Wednesday, April 19, 2017

The Halo Effect

 The Halo Effect: “If we see a person first in a good light, it is difficult subsequently to darken that light”

In David Hepworth’s book on 1971, he uses the Halo Effect to explain why “What’s Going On” has such a reputation for being a great album (basically, the excellence of the opening and closing tracks casts a halo over the rest of the album).

That got me thinking about where else this effect can be seen. Oddly enough, the first name that came to mind was David Letterman. When he retired a couple of years back, tributes poured in about his 30 years as a talk show host. Yet most of the clips that were recalled were from the 1980s. As someone who only saw his show from the late 90s onwards it was difficult to see what the fuss was about: a fairly cranky middle-aged guy making jokes with his bandleader? I think a lot of the goodwill that was extended to him was a result of the Halo Effect created by his early 80s shows, when he really was a breath of fresh air.

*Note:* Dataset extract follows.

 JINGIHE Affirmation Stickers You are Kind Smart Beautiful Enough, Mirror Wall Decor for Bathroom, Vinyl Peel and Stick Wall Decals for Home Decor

In sports, few teams benefit from the Halo Effect as much as the Brazilian national team. Even though they abandoned their old style of play in the late 80s, we still think of each Brazil team as being the heirs of Jairzinho, Pele, Carlos Alberto and the others of the great 1970 team. Each time a World Cup comes around, there’s talk of “jogo bonito” and “samba style football” that doesn’t bear much resemblance as to what’s happening on the pitch. Similarly, the Dutch team have been counter-attacking bruisers for over a decade, but we still carry a torch for them, because of the Halo Effect cast by Cruyff, Neeskens et al.

Perhaps it’s unfair to talk of the Halo Effect with musicians. There’s a general acceptance that they produce their best work in their 20s, so why give someone a hard time if they’re still around 30 or 40 years later and not producing great stuff? Having said that, there are a couple of names that come to mind. Neil Young is one who seems to retain a lot of goodwill from people who got to know him in the 70s (or 90s), even as he tests their patience with each record. And Morrissey’s career seems to be sustained by the residual energy of the intense relationship with his fans in the 80s.